Saturday, April 15, 2017

Garden Bloggers' Bloom Day - April 2017

Well, the first and only time that I participated in the famous Garden Bloggers' Bloom Day meme hosted by Carol from May Dreams Gardens on every fifteenth of the month was last year in March. The main reason why I didn't participate more often in this great meme is that for time reasons in general, I have trouble to get a post out on a specific day. This month the fifteenth falls on the Easter weekend on Saturday though, and therefore I have time to blog and thought I will give it another go.

So yesterday I ventured out with my camera into the garden to see what was blooming. In the middle of April my roses usually are reaching their spring flush peak, but this year they are a little bit delayed. I feel the same goes for many perennials, but there are still plenty of blooms of any kind in the garden right now.

Unfortunately, when I was done shooting in the front yard and got into the backyard a fierce wind was flaring up and I couldn't take any more photos, but let's see what I got.



In the front yard, my two 'Climbing Iceberg' roses are in full bloom. Here you see the one on the left side of the garage. In the foreground, salvia 'Amistad', which is new to the garden, is showing off her beautiful large dark purple flowers, which emerge from almost black bracts. All in all a very showy salvia, that is visited by hummingbirds, which is lovely, but I have a feeling that it wants to grow a little bit bigger than I would like.



Looking at the left side of the walkway to the front door. In the foreground rosa 'Old Fashioned Girl', in the middle salvia 'Mystic Spires Blue' has just started to flower, and in the background to the left, you see the same rosa 'Climbing Iceberg' that I showed in my opening photo of this post.



Salvia 'Mystic Spires Blue', here a close-up, is one of my favorite salvias. It stays mannerly in terms of its size, which is a big plus for a small garden and it blooms very prolifically once it is in full swing over a long period of time.

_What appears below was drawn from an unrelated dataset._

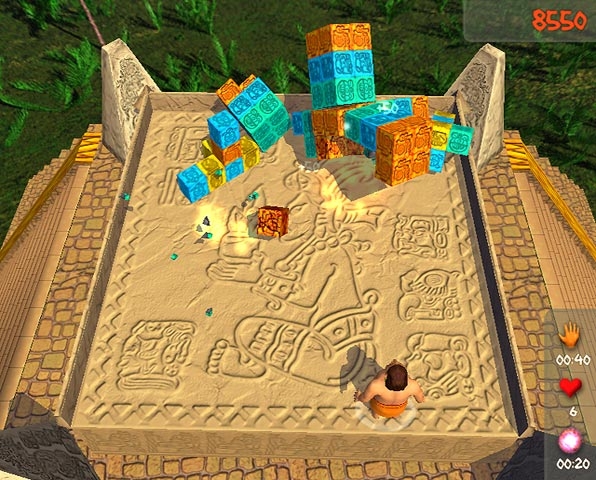 Скриншот из игры Aztec Ball под номером 4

Martha Washington geraniums do exceptionally well in my garden, here you can see the variety 'Regal Elegance Rose Bicolor'...



...which is growing in a container near the front door.

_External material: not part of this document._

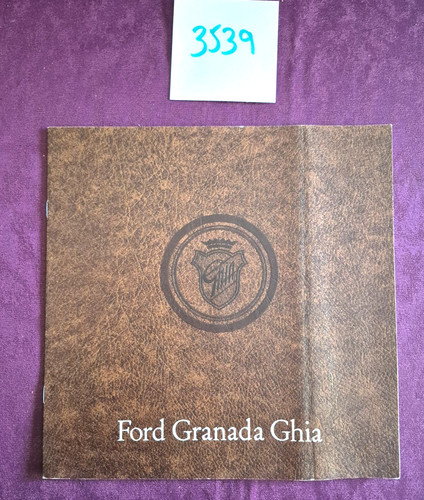 3539 ford granada ghia - ford,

Looking to the other side of the walkway to the front door, rosa 'Our Lady of Guadalupe' is starting to bloom in the foreground. In the middle ground, another salvia 'Mystic Spires Blue' is planted. And in the background rosa 'The Prince' has begun to open his flowers,...



...which are absolutely exquisite at this time of the year. Here a close-up.



Walking back to the front of the house my other rosa 'Climbing Iceberg' comes into view. These two roses have really done fabulously this spring and are completely smothered in blooms.



What is nice with the 'Icebergs' is that their pretty blooms...



...are also offering food for the pollinators because they show their stamens, which many of the modern Hybrid Tea roses don't. 



Also in the front yard, one of my favorite penstemons 'Pinacolada Violet' is blooming. It is part of a relatively new series of penstemons that have the advantage of an earlier bloom time and a well-branched compact growth habit.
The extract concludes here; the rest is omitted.